Which of the following is a point on the graph as described by the function y=(2x+1)2−4 ?
(−1,−3)
(0,−2)
(−1,−5)
(1,2)
To find the points on the graph described by the function y = (2x + 1)^2 - 4, substitute the given x-values into the equation and calculate the corresponding y-values.

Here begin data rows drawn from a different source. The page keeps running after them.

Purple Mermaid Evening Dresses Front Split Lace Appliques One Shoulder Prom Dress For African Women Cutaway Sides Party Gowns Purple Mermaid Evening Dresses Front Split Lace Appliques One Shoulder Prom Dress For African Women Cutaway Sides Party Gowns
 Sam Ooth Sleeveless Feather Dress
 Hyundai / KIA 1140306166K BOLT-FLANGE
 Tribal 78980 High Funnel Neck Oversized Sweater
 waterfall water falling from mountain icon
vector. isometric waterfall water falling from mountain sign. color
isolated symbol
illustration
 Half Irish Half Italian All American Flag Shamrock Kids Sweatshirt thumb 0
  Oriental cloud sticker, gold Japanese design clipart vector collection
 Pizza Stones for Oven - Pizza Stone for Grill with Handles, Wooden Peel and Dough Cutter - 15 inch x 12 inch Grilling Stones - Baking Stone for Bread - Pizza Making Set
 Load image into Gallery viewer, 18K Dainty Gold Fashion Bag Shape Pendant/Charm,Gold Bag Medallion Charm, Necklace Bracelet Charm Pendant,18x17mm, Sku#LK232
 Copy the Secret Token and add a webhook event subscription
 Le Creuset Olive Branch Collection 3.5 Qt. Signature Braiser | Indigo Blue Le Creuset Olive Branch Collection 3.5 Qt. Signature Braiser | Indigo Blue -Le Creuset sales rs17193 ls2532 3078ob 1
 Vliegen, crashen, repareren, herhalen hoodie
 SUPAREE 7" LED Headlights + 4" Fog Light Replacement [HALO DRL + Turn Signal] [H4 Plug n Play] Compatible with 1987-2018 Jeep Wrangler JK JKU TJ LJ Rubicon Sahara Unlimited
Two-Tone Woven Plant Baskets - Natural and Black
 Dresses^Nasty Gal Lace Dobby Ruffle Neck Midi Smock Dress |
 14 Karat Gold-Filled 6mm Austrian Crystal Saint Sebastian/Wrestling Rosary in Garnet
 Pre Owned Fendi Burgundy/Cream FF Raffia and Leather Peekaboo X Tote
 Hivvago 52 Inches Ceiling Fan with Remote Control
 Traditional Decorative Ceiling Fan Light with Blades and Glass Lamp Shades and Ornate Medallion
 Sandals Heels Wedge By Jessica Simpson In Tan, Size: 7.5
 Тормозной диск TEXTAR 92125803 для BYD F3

For the points (−1,−3), (0,−2), (−1,−5), and (1,2):
- For (−1,−3):
Substitute x = -1 into the equation: y = (2(-1) + 1)^2 - 4
Simplify: y = ( -2 + 1 )^2 - 4
= (-1)^2 - 4
= 1 - 4
= -3
The calculated y-value is -3, which matches the given y-value of -3.
- For (0,−2):
Substitute x = 0 into the equation: y = (2(0) + 1)^2 - 4
Simplify: y = (0 + 1 )^2 - 4
= (1)^2 - 4
= 1 - 4
= -3
The calculated y-value is -3, which does not match the given y-value of -2.
- For (−1,−5):
Substitute x = -1 into the equation: y = (2(-1) + 1)^2 - 4
Simplify: y = (-2 + 1 )^2 - 4
= (-1)^2 - 4
= 1 - 4
= -3
The calculated y-value is -3, which does not match the given y-value of -5.
- For (1,2):
Substitute x = 1 into the equation: y = (2(1) + 1)^2 - 4
Simplify: y = (2 + 1 )^2 - 4
= (3)^2 - 4
= 9 - 4
= 5
The calculated y-value is 5, which does not match the given y-value of 2.
Therefore, the only point that lies on the graph described by the function y = (2x + 1)^2 - 4 is (−1,−3).